The Ouachita Citizen published a news report on the unsigned, undated ruling in a July 8, 2015 report, “Questionable handling at the court,” in which Bond said Campbell had insisted on getting a copy of the judgment.

In The Ouachita Citizen's interview with Jones, the court administrator told the newspaper he saw the unsigned, undated judgment written by ad hoc Judge Anne Simon of New Iberia about “week prior to the 11th (of June),” which were earlier than the dates disclosed in Huey's State Police report. However, at the time, Jones denied that a copy of the ruling had been distributed around the judges' office as revealed in the State Police report.

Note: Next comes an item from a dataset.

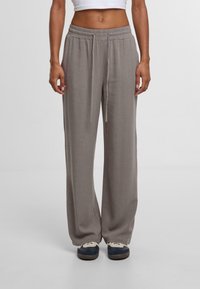 Grijze, wijde broekspijpen gemaakt van lichte stof met een elastische tailleband en trekkoord, met een soepele textuur en subtiele glans.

“If Ms. Bond says to you that her office released a copy of the unsigned judgment, I think you can take her at her word, but nothing came to me — the court administrator — or to the chief judge who was out of town,” Jones said. “In fact, nothing came to the judges’ office. I still haven’t seen a copy of the signed judgment.”

At the time, Jones would not reveal who gave him the document though he later said he learned about the ruling through Campbell.

“I do remember who personally handed me a copy (of the unsigned ruling) but I will not say who it was,” Jones said at the time. “Frankly, it was through her (Campbell) that I was made aware the (ruling) had been filed. Apparently, she had regularly checked.”